## Data section:
___
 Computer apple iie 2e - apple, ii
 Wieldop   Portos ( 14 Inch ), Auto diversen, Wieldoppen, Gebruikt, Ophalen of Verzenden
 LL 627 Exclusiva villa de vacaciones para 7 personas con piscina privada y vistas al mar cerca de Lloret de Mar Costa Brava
___
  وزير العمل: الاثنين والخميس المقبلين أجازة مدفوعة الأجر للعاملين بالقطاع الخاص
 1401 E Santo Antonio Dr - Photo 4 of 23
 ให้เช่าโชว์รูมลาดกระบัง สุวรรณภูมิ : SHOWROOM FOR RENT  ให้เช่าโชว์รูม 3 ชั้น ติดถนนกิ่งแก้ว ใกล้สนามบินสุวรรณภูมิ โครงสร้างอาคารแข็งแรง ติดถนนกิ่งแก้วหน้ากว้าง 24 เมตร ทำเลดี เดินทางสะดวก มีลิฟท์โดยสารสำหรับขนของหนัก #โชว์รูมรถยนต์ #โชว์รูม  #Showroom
___
## Task item:
The entries above hold a line with "Computer apple iie 2e - apple, ii" and a later line with "LL 627 Exclusiva". Write out exactly those lines and all lines between, nothing more.

## Task response:
 Computer apple iie 2e - apple, ii
 Wieldop   Portos ( 14 Inch ), Auto diversen, Wieldoppen, Gebruikt, Ophalen of Verzenden
 LL 627 Exclusiva villa de vacaciones para 7 personas con piscina privada y vistas al mar cerca de Lloret de Mar Costa Brava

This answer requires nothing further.